[Barn and the Pyrenees by Louisa Stuart Costello]@TWC D-Link book
Barn and the Pyrenees

CHAPTER X
12/28

As for the unhappy prince, he had already condemned himself.
Confined in his tower of Orthez, he had taken to his bed, and there lay, concealing himself in the clothes; and for several days refused all nourishment, giving himself up altogether to despair.

Those whose business it was to serve him, finding this, became alarmed, and, hastening to his father, related the fact: "My Lord," said they, "for the love of God, take heed to your son; for he is starving in the prison, where he lies, and has not eaten since he entered there, for his meat remains untouched as when we first took it into the tower." Thereupon the count started up, without uttering a word, and, quitting his chamber, hurried to the prison where his son was, says Froissart, and, "by ill fortune, he held in his hand a _small, long knife_, with which he was cleaning and arranging his nails.

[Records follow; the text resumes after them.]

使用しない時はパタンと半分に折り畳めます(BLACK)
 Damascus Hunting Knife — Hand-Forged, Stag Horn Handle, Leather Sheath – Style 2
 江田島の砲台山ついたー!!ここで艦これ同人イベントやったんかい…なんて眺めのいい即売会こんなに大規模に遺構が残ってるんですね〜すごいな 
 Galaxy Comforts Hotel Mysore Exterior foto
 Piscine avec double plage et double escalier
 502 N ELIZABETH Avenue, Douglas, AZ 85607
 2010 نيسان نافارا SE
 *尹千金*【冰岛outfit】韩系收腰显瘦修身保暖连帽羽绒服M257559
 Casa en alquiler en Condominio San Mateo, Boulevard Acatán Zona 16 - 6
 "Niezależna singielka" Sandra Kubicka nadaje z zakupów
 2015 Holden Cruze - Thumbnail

He commanded the door of the dungeon to be opened, when he went straight to his son, and, still holding the knife in his hand by the blade, _which did not project from it more than half an inch_, he caught him by the throat, calling out, 'Ha! traitor!--why will you not eat ?' and by some means the steel entered into a vein.

The count, on this, instantly departed, neither saying or doing more, and returned to his chamber.

His poor child, terrified at the sight of his father, felt all his blood turn, weak as he was with fasting, and the point of the knife having opened a vein in his throat, _however small it might have been_,--turned him round--and died! "Thus," continues the chronicler, "it was as I tell you: this was the death of young Gaston de Foix.